Third, the dissent states that the Court, if it decided against resolving the antecedent question, should have waited for another opportunity to directly address the question of whether the Copyright Act authorizes the discovery rule. The rejection of the discovery rule by the three dissenting justices enhances the prospect that some court of appeals will now reconsider the discovery rule en banc and that the Supreme Court will eventually grant review. (Under the Court’s unwritten “rule of four,” only four votes are necessary for the Court to grant a petition for certiorari.) Should this question be taken up in the future, a decision adopting the position exhorted by the dissent could significantly impact the rights of copyright owners who would be limited, in most instances, to enforcing their copyrights within three years of the infringing act. More broadly, such a decision could also influence the application of the discovery rule to other statutes with time bars for filing lawsuits that, like the Copyright Act, do not expressly incorporate the rule.

Fourth, the dissent raises questions about the scope of circumstances that warrant equitable tolling of the limitations period. Fraud and concealment may be black-letter examples, but state and federal courts have applied the discovery rule to other circumstances. See Merck & Co., Inc. v. Reynolds, 559 U.S. 633, 646 (2010) (citations omitted). Other common law examples of reasons that have been raised for excusing delays in bringing suit include acts of God (force majeure), acts of the government, latent disease or defect, and various other causes beyond the plaintiff’s reasonable control. The question of whether the discovery rule is available will ultimately depend not solely on statutory analysis, but a determination of whether “traditional equitable practice” accommodates application of the rule.

Finally, this case illustrates the difficulty of positioning a case for Supreme Court review. The Supreme Court typically grants certiorari to resolve circuit conflicts. There was a clear circuit conflict on whether there was a three-year limit on damages recovery for timely accrued claims. The dilemma for Warner Chappell was that its position on that question was unlikely to command a majority on the merits if certiorari were granted. Arguably, its stronger position was that the Copyright Act does not authorize the discovery rule but there was no circuit conflict on that issue.
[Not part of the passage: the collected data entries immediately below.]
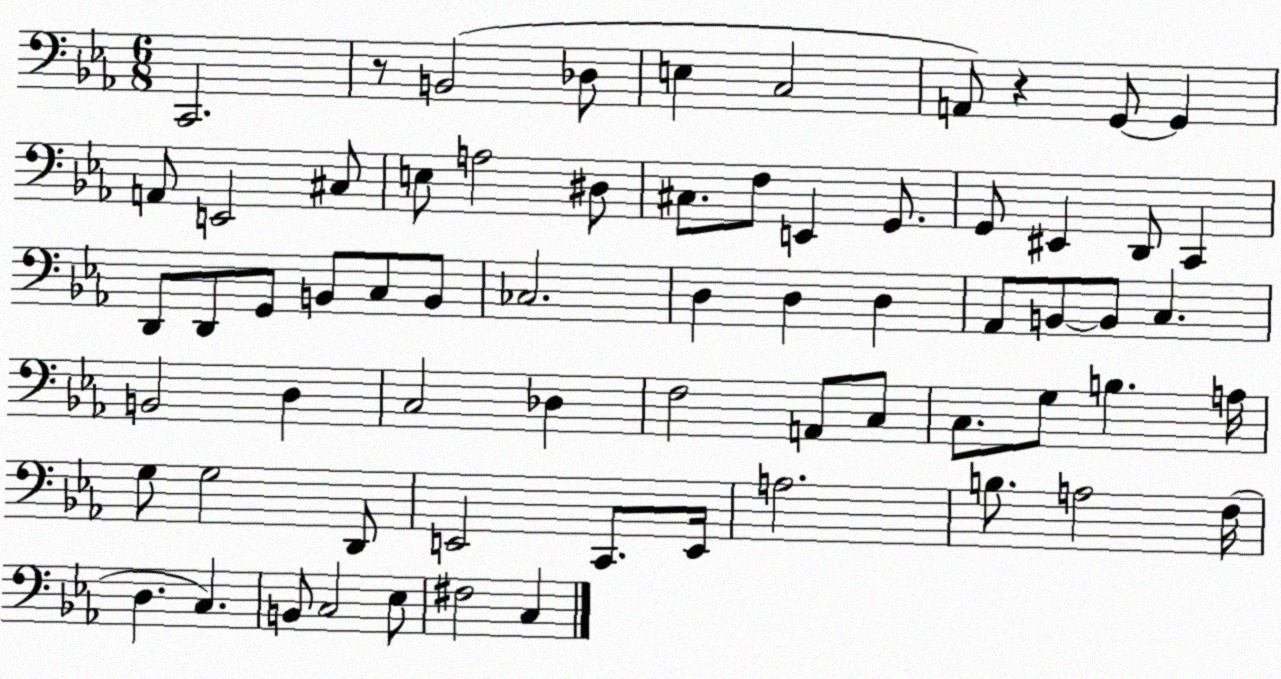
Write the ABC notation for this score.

X:1
T:Untitled
M:6/8
L:1/4
K:Eb
C,,2 z/2 B,,2 _D,/2 E, C,2 A,,/2 z G,,/2 G,, A,,/2 E,,2 ^C,/2 E,/2 A,2 ^D,/2 ^C,/2 F,/2 E,, G,,/2 G,,/2 ^E,, D,,/2 C,, D,,/2 D,,/2 G,,/2 B,,/2 C,/2 B,,/2 _C,2 D, D, D, _A,,/2 B,,/2 B,,/2 C, B,,2 D, C,2 _D, F,2 A,,/2 C,/2 C,/2 G,/2 B, A,/4 G,/2 G,2 D,,/2 E,,2 C,,/2 E,,/4 A,2 B,/2 A,2 F,/4 D, C, B,,/2 C,2 _E,/2 ^F,2 C,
Had Warner Chappell led with that issue, Nealy, in opposition, could have argued that there is no conflict on the antecedent issue; that the Court may not end up reaching the issue on which the courts of appeals were in conflict; and that it should await the emergence of a conflict or at least a case that squarely addressed the discovery rule. Warner Chappell appears to have opted to brief only the circuit conflict to maximize the chances that the Supreme Court would grant review, while pointing out in a footnote that the Court could take the opportunity to resolve the antecedent question of the viability of the discovery rule if it so wished. The Court foiled that strategy when it reformulated the question presented to assume the correctness of the discovery rule. While hindsight is 20/20, perhaps the outcome would have been different if Warner Chappell had more fully briefed the discovery issue to the Court in its petition, and pointed out that a separate conflict on the discovery rule was unlikely to emerge given that eleven courts of appeals had adopted it.
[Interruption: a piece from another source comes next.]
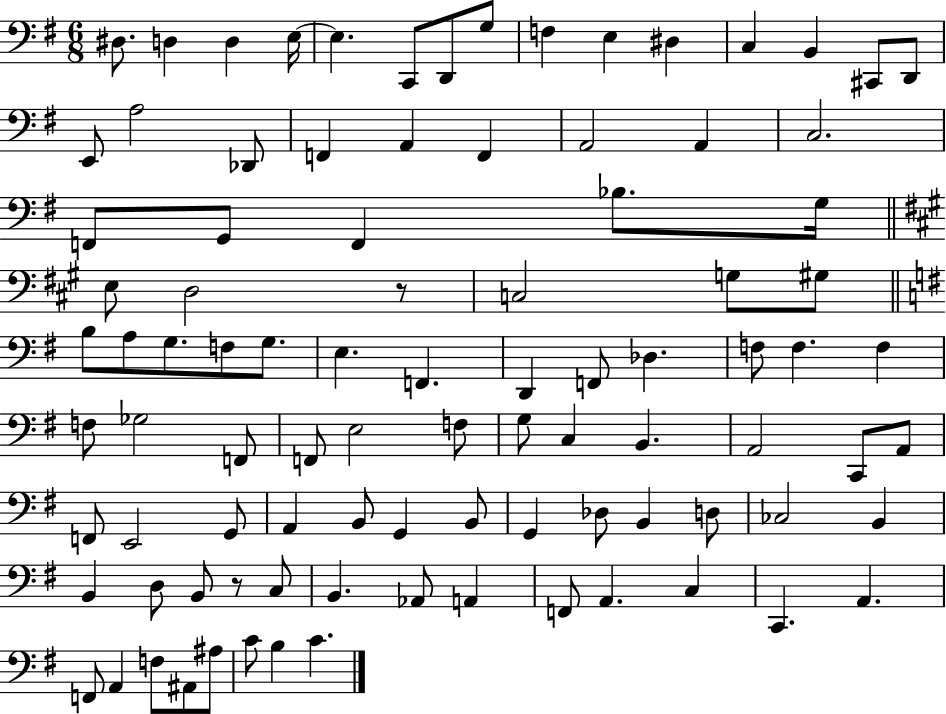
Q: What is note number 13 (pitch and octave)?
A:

What does this mean for you now? In short, the discovery rule applies to claims under the Copyright Act in eleven out of thirteen circuit courts. If plaintiffs meet the requirements for the discovery rule, they are entitled to damages for all infringements without a time bar. However, sometime in the relatively near future, the Supreme Court is very likely to take up the issue of whether the discovery rule applies to the Copyright Act and may very well decide that it does not.

DISCLAIMER: Because of the generality of this update, the information provided herein may not be applicable in all situations and should not be acted upon without specific legal advice based on particular situations.